A verbatim copy of the listing is what is needed, minus any pictures.
:: TASK DATA
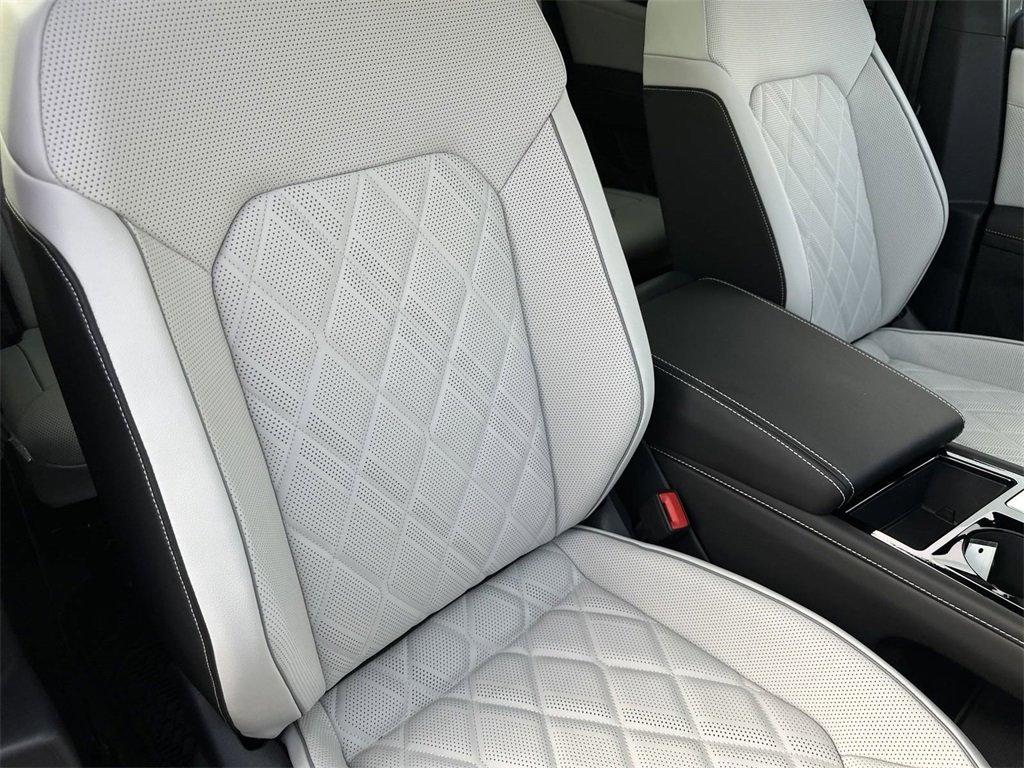 New 2025 Volkswagen Atlas Cross Sport SEL Premium R-Line image 38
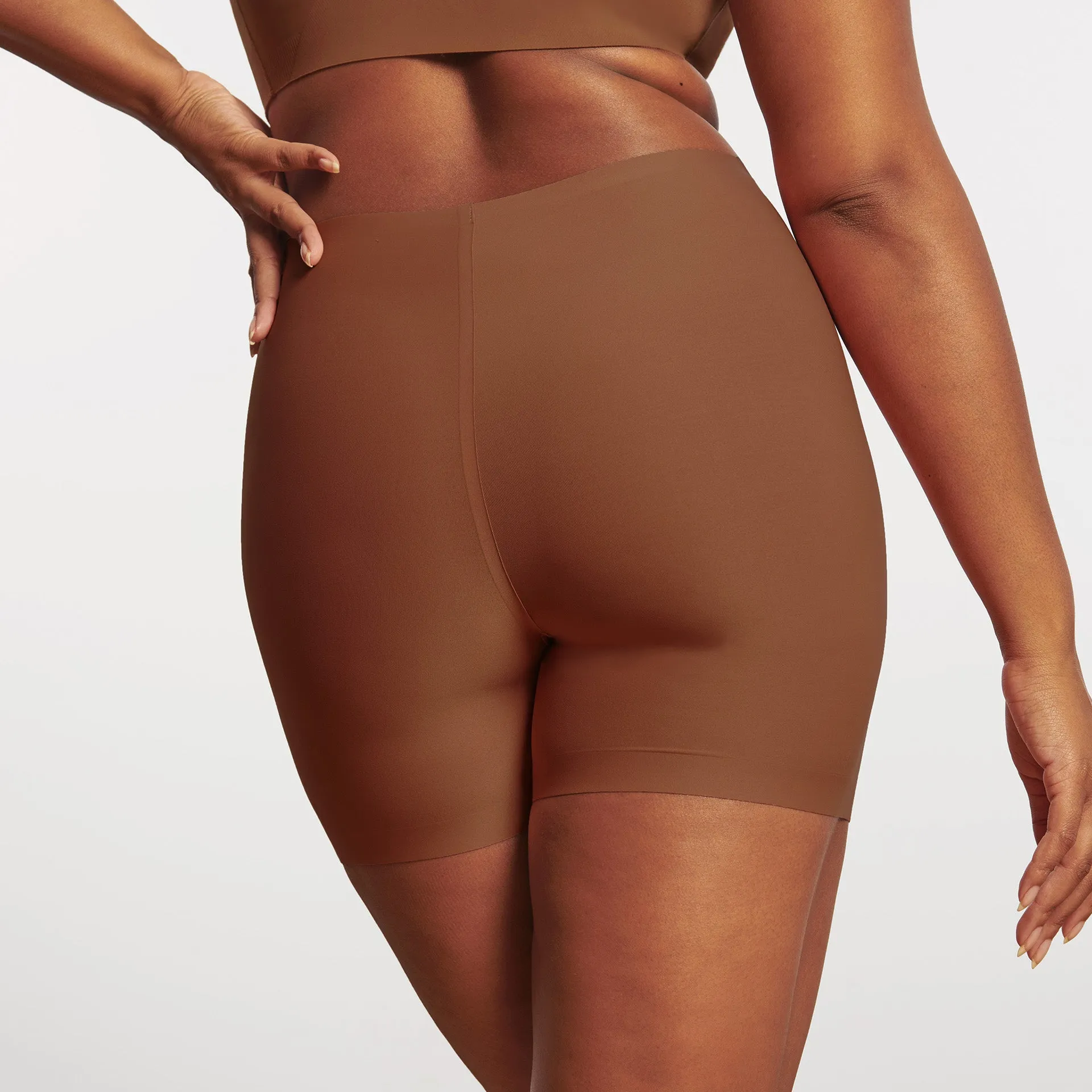 Evelyn & Bobbie Slip Short in Basic Colors Queen Size 16-24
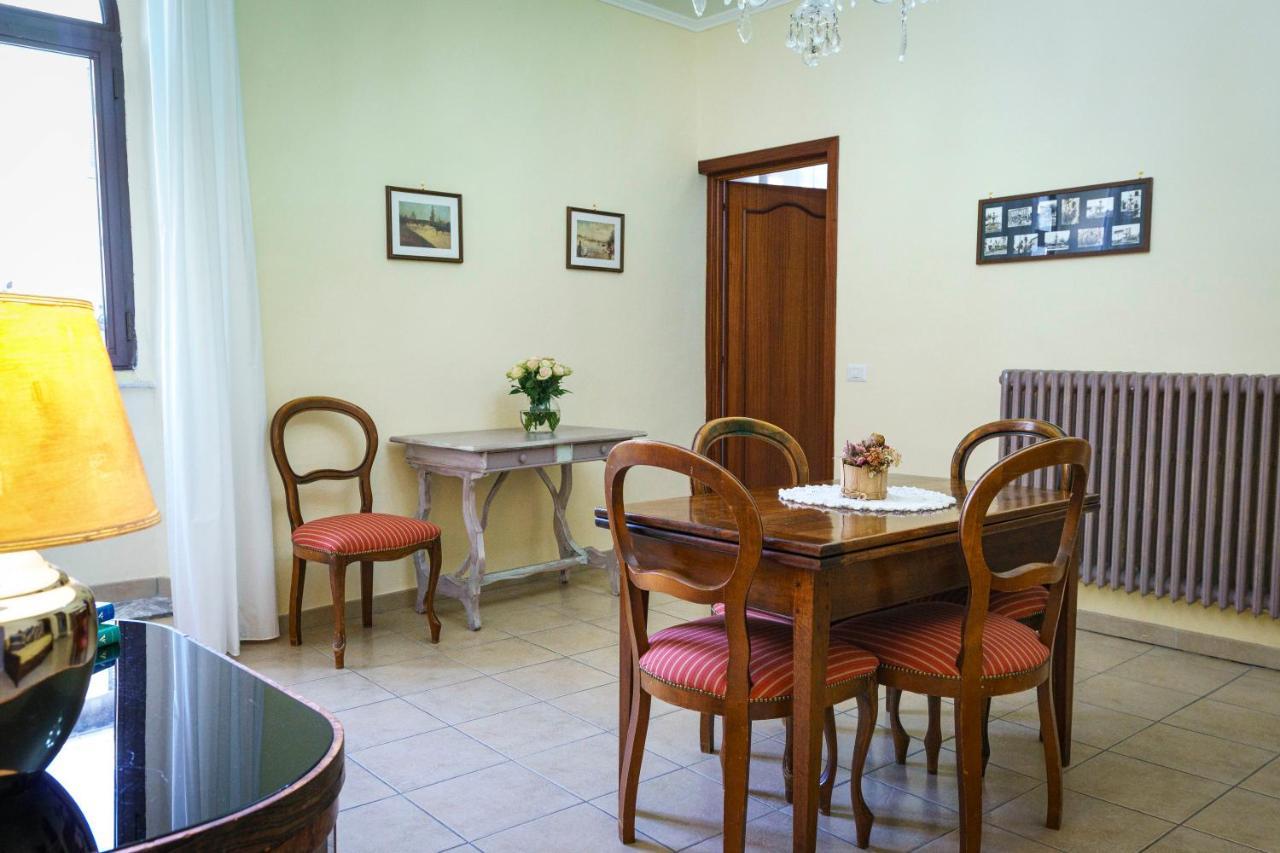 Appartamento Piazza Santa Maria Nuova ヴィテルボ エクステリア 写真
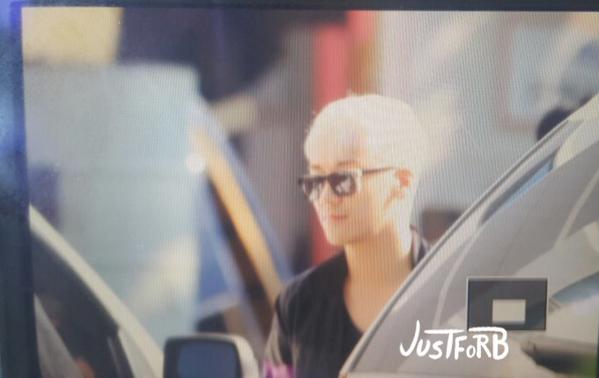 BIGBANG Leaving SBS Inkigayo 2015-05-24 005.jpg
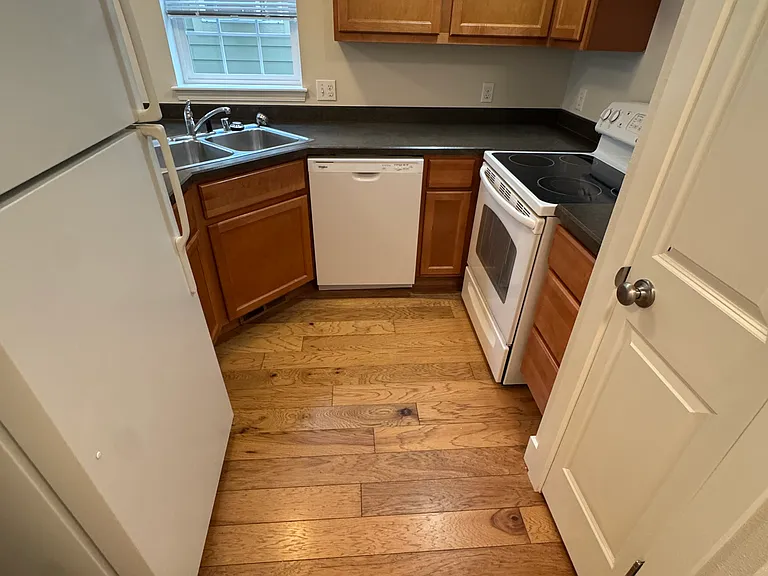 2132 W Sussex Ave — Photo 8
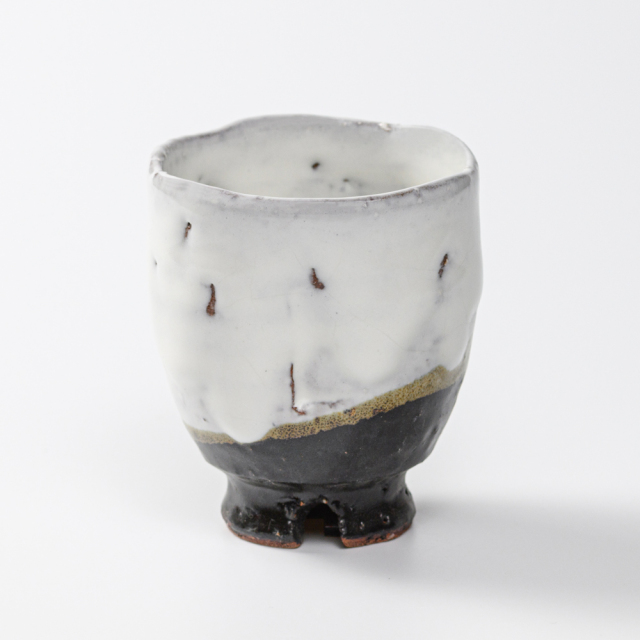 萩焼(伝統的工芸品)湯呑小掛分け(鬼白竹＆黒釉)呉器ヘラメNo19
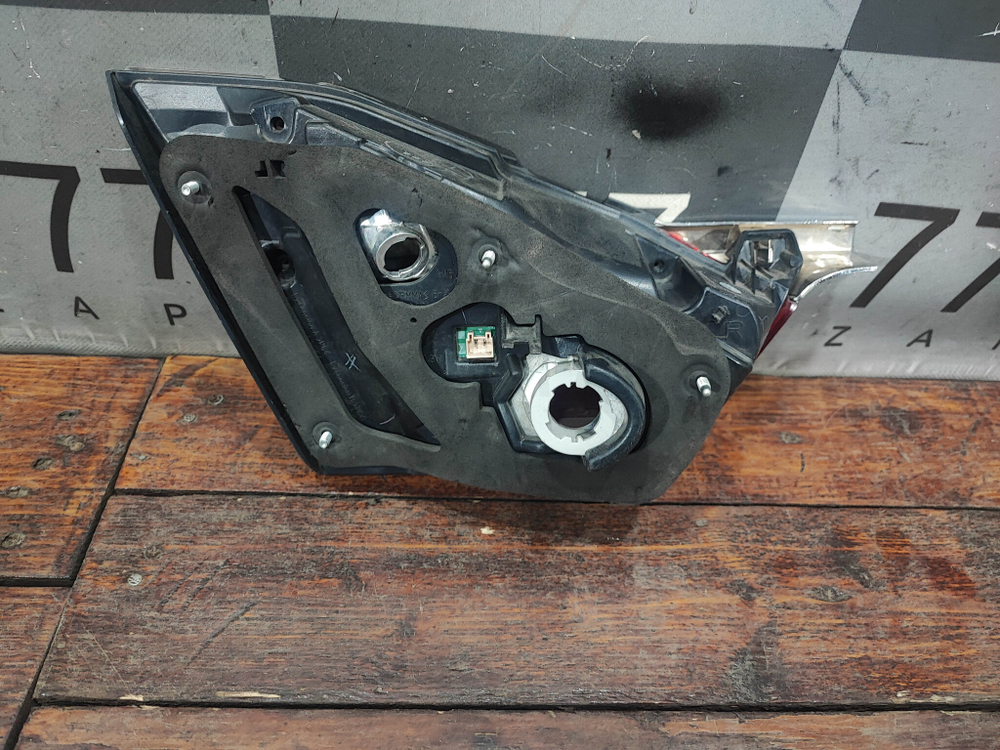 Фонарь задний правый Toyota Camry (XV55) 14-18 Б/У Оригинал 8158133291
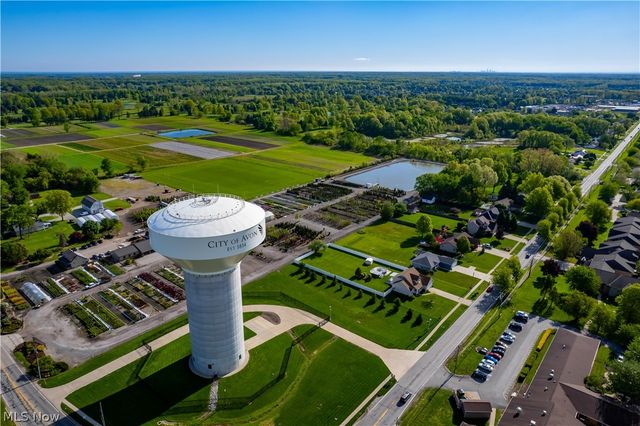4802 Center Road, Avon, OH 44011
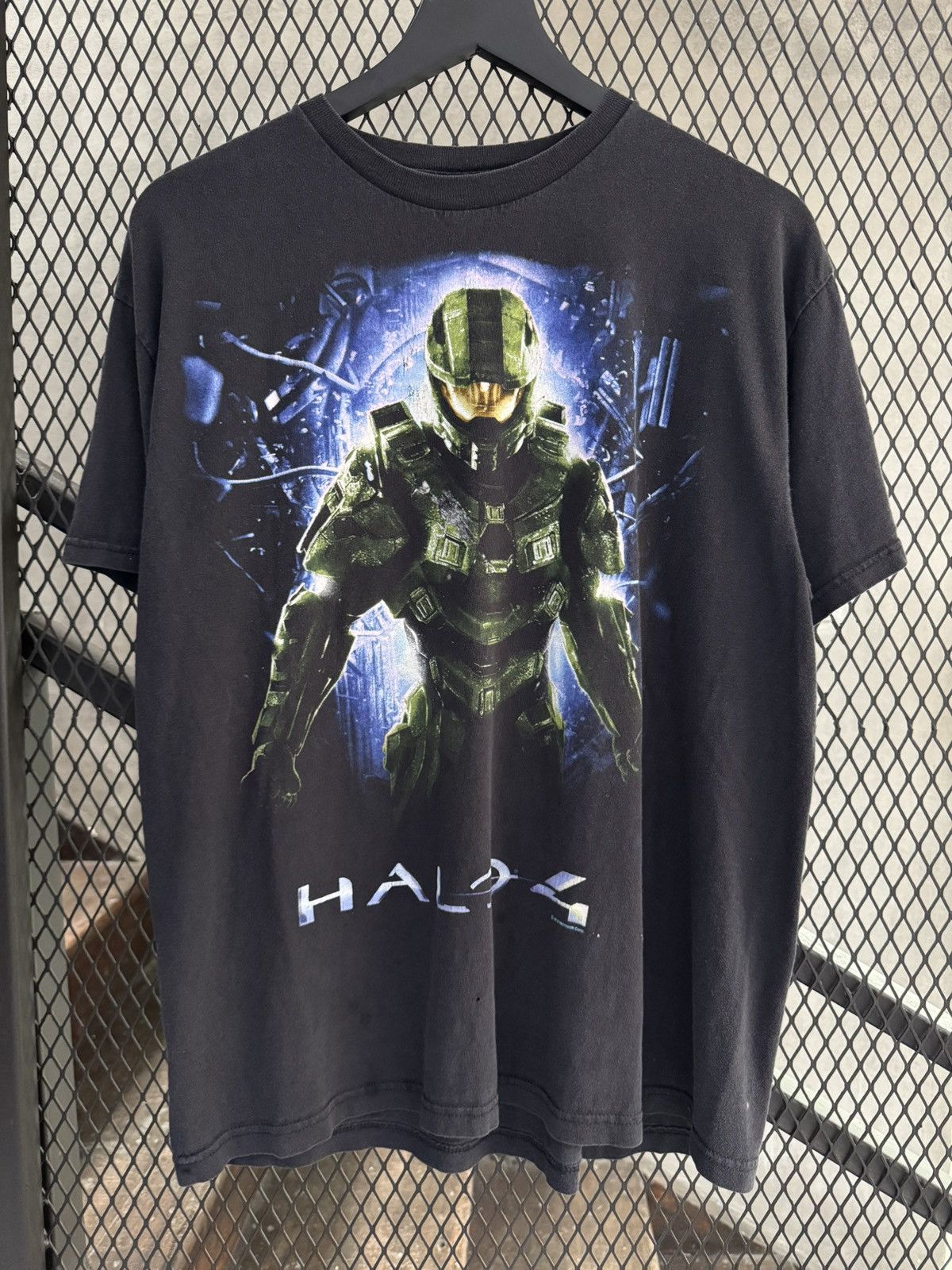 Vintage 2012 Halo 4 Promo Tee Size US L / EU 52-54 / 3 - 1 Thumbnail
::::
▶ _OUTPUT OF THE EXERCISE_
 New 2025 Volkswagen Atlas Cross Sport SEL Premium R-Line image 38
 Evelyn & Bobbie Slip Short in Basic Colors Queen Size 16-24
 Appartamento Piazza Santa Maria Nuova ヴィテルボ エクステリア 写真
 BIGBANG Leaving SBS Inkigayo 2015-05-24 005.jpg
 2132 W Sussex Ave — Photo 8
 萩焼(伝統的工芸品)湯呑小掛分け(鬼白竹＆黒釉)呉器ヘラメNo19
 Фонарь задний правый Toyota Camry (XV55) 14-18 Б/У Оригинал 8158133291
4802 Center Road, Avon, OH 44011
 Vintage 2012 Halo 4 Promo Tee Size US L / EU 52-54 / 3 - 1 Thumbnail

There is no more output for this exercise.